Bernie Divall is completing a PhD in Clinical Leadership in the NHS. Her work is split between WBS (Warwick Business School) and the School of Nursing and Midwifery (Nottingham). Interview by Thomasin Bailey, PhD student in English & Comparative Literature.
Why is collaboration important?
One of the things about midwifery, as a profession, is that we’re very inward looking, so when you’re doing research, a lot of it is very focussed within midwifery. Having gone out to a business school to do my PhD, I’ve ended up with a very different framework. There’s a lot of emphasis on theory that probably wouldn’t have been there to the same extent if I’d done the PhD within Midwifery. In my opinion, with any kind of research, the more sources you can go to the better.
Doing a PhD is massively isolating, because you are becoming expert in a field in which, a lot of the time, there are very few experts. From my perspective, Midwifery Leadership has only been looked at once before, ever, and that’s a very small scale study and isn’t really about leadership anyway. So if I’d been stuck in Midwifery I would have been a little bit perplexed as to how to do it. Everybody meets methodological issues when they’re doing a PhD – it doesn’t matter what [discipline] it is. For instance, I’ve met people who are doing History PhDs, for example, and I said, “So, you’re using narrative research. How have you found it?” We’re doing different subjects but with a shared methodology. And it makes life more entertaining frankly!
Talk about a collaborative project you’ve been involved in.

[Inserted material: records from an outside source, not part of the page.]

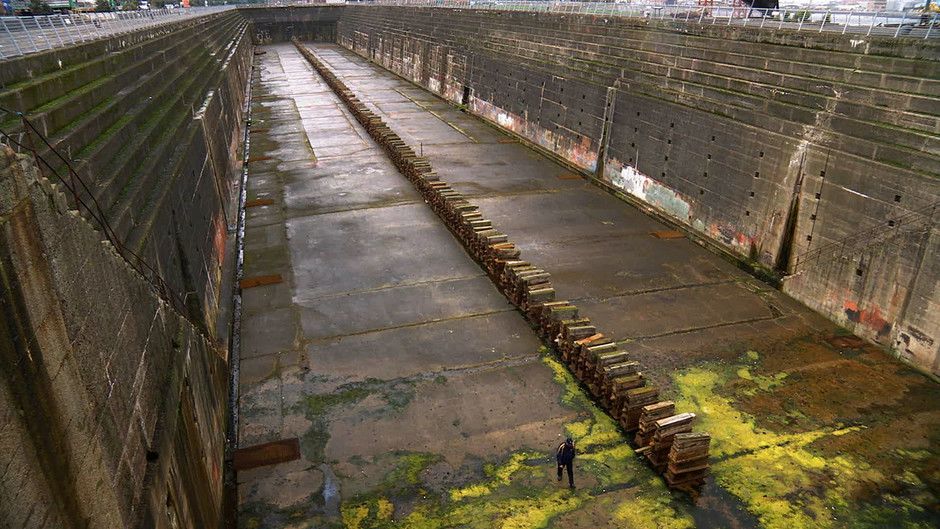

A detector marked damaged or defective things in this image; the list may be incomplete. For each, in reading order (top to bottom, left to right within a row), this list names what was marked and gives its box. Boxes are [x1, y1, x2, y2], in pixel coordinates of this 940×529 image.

rusted metal plate on floor [239, 272, 282, 288]
cracked concrete surface [237, 44, 940, 528]
rusted metal plate on floor [231, 438, 298, 470]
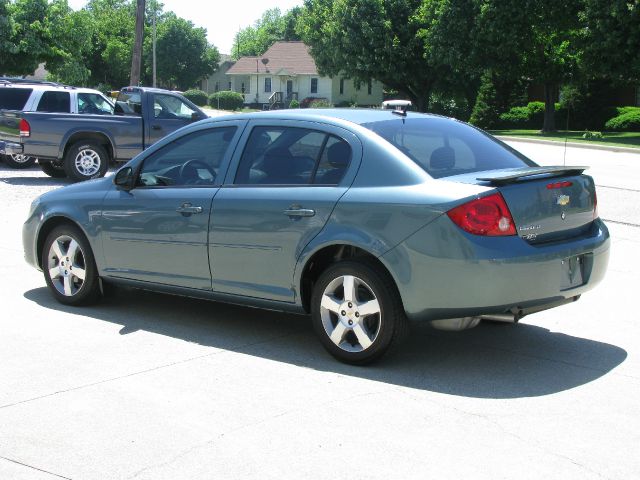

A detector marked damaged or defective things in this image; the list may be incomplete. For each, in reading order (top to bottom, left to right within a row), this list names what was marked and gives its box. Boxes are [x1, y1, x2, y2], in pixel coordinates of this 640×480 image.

pavement crack [0, 456, 72, 478]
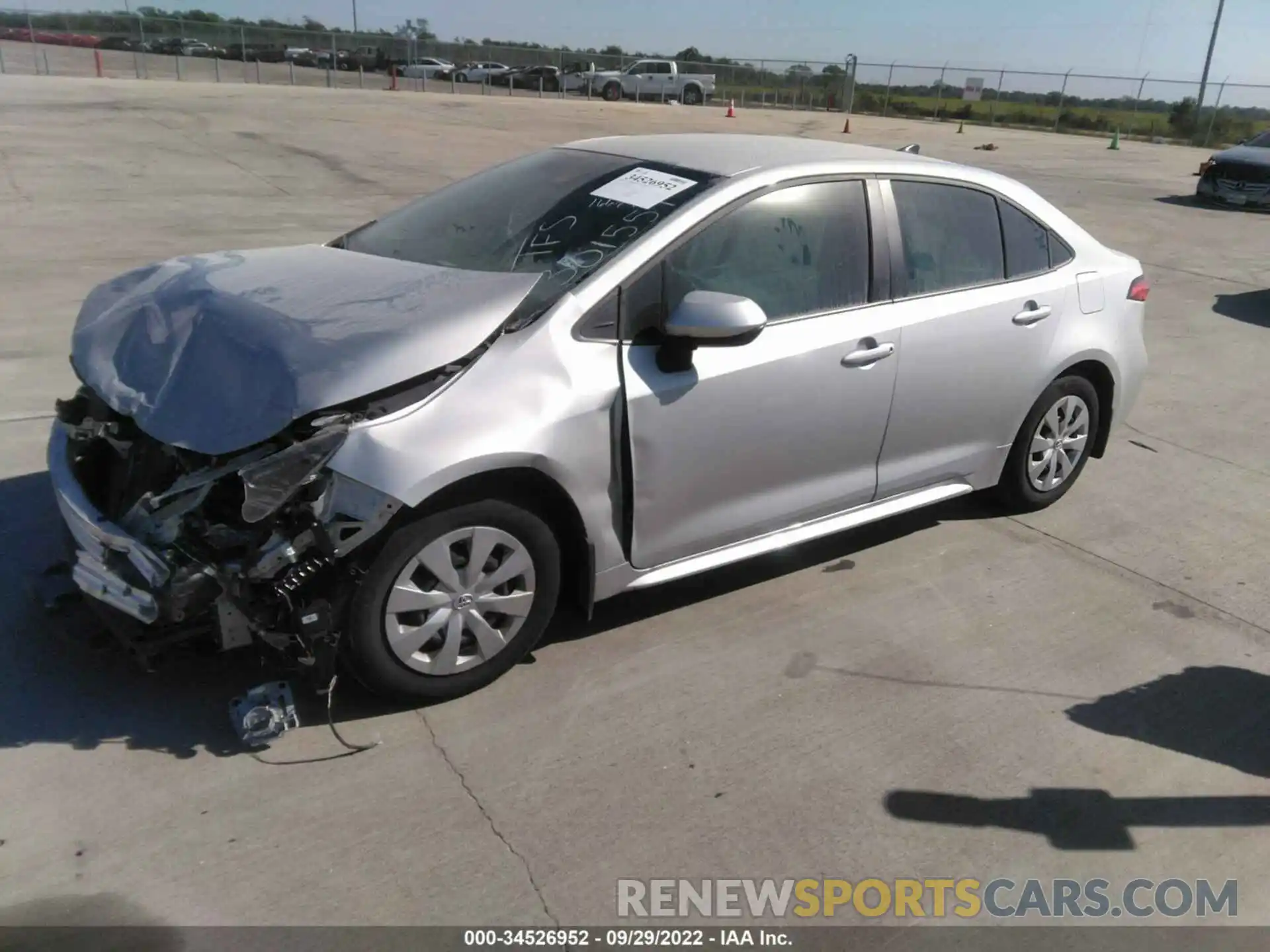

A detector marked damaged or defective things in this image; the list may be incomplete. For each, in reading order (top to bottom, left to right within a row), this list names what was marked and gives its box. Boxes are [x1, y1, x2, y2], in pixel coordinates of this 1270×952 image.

crumpled hood [1208, 144, 1270, 166]
crumpled hood [73, 243, 540, 457]
damaged silver car [49, 134, 1148, 700]
crack in concrete [419, 711, 558, 929]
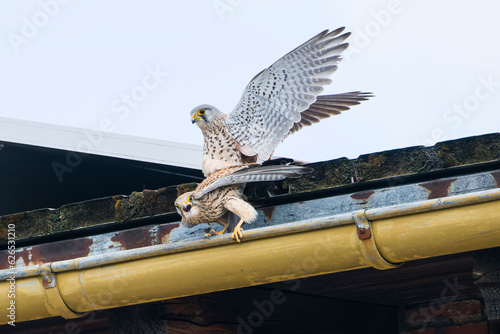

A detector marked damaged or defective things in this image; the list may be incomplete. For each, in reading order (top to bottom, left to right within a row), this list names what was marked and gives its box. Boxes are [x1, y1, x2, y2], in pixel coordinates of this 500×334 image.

rusty rain gutter [0, 188, 500, 324]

When I was an ambassador at the Wolfson Research Exchange, during my second and third years, I was put in touch with various people by Fiona Colligan, because that’s what she’s brilliant at, and we came up with looking at narratives of childbirth. It never actually came to fruition, because one of the group went to work abroad, but it’s still there as something we can do in the future. Essentially, we all had a similar thread, even though we came from very different research backgrounds. One was in Health Psychology, one was in Literary History, there were two Medical Historians, and me in the business school. You’d think that we would all be vastly different, but you could link together what we were doing really well. It was really great to meet people and do something surprising, and to make those connections that you didn’t know would be there.

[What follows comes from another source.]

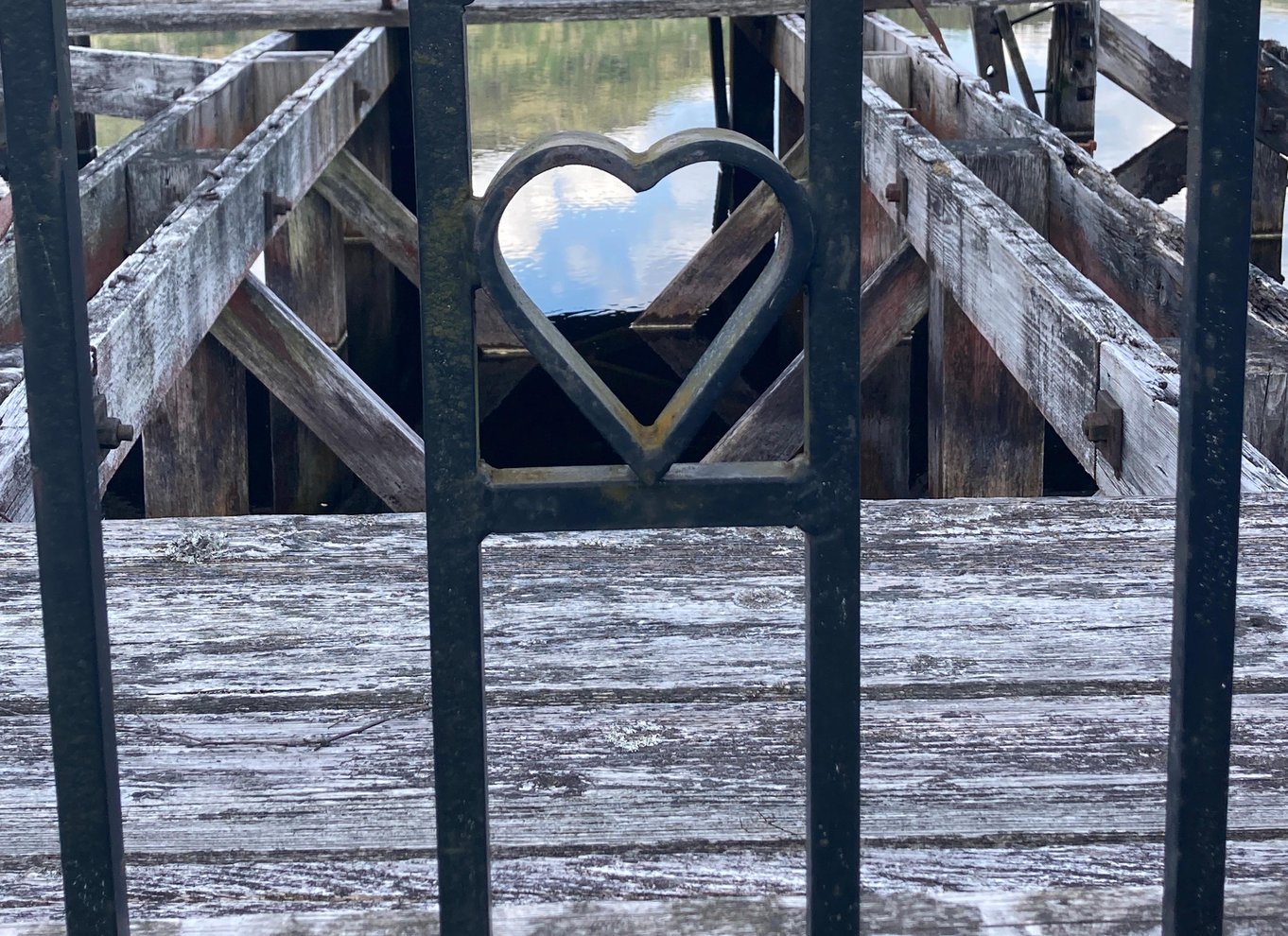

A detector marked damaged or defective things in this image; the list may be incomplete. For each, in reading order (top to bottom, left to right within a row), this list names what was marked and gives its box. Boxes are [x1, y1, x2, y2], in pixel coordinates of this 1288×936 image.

rusty bolt head [1082, 411, 1112, 445]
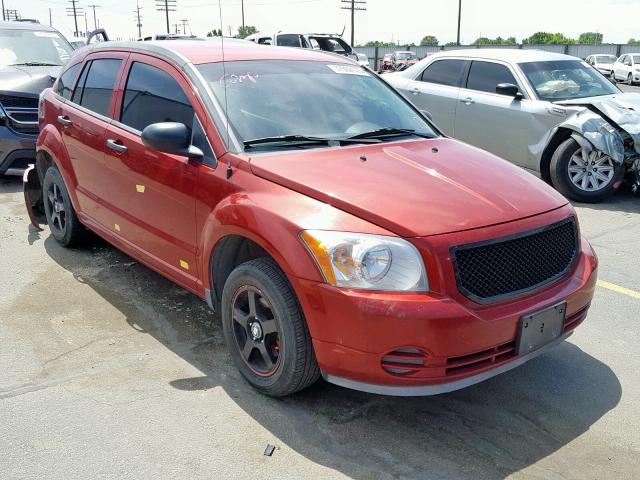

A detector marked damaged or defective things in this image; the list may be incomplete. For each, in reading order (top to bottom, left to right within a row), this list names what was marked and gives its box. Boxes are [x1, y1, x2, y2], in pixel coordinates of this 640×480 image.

damaged silver sedan [388, 50, 636, 202]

What are the benefits of working with others?
I like to be with other people. I don’t really flourish on my own. All my friends are midwives, and frankly not interested in the academic side of what I’m doing – they’re interested in the research because it affects them – but they’re not interested in the methodological conundrums that you meet along the way. As for my poor family, if they hear one more word about this thesis I think they might kill me! So when you have that chance to collaborate with people in an academic setting, it gives you an outlet that you might not have at home.
What are the pitfalls of collaborative work?
For me, the biggest potential problem is time. One of my supervisors keeps saying to me, “Stop thinking, and write!” Sometimes, if you are working collaboratively you can sometimes get a bit side tracked. I don’t think that’s a bad thing. Although it’s a pitfall, it’s only a pitfall from a time perspective. It’s not a pitfall from the point of view that I like to learn new things. Doing the PhD has been very much an immersive process. Keats said something along the lines of, if you dive into a lake, you don’t dive in just to swim back to the other side again. You dive into a lake because you want to be submerged in it, and to enjoy the sensation of being in the lake. Collaboration can give you that, but, if you are on a tight timescale, it can be a little bit distracting.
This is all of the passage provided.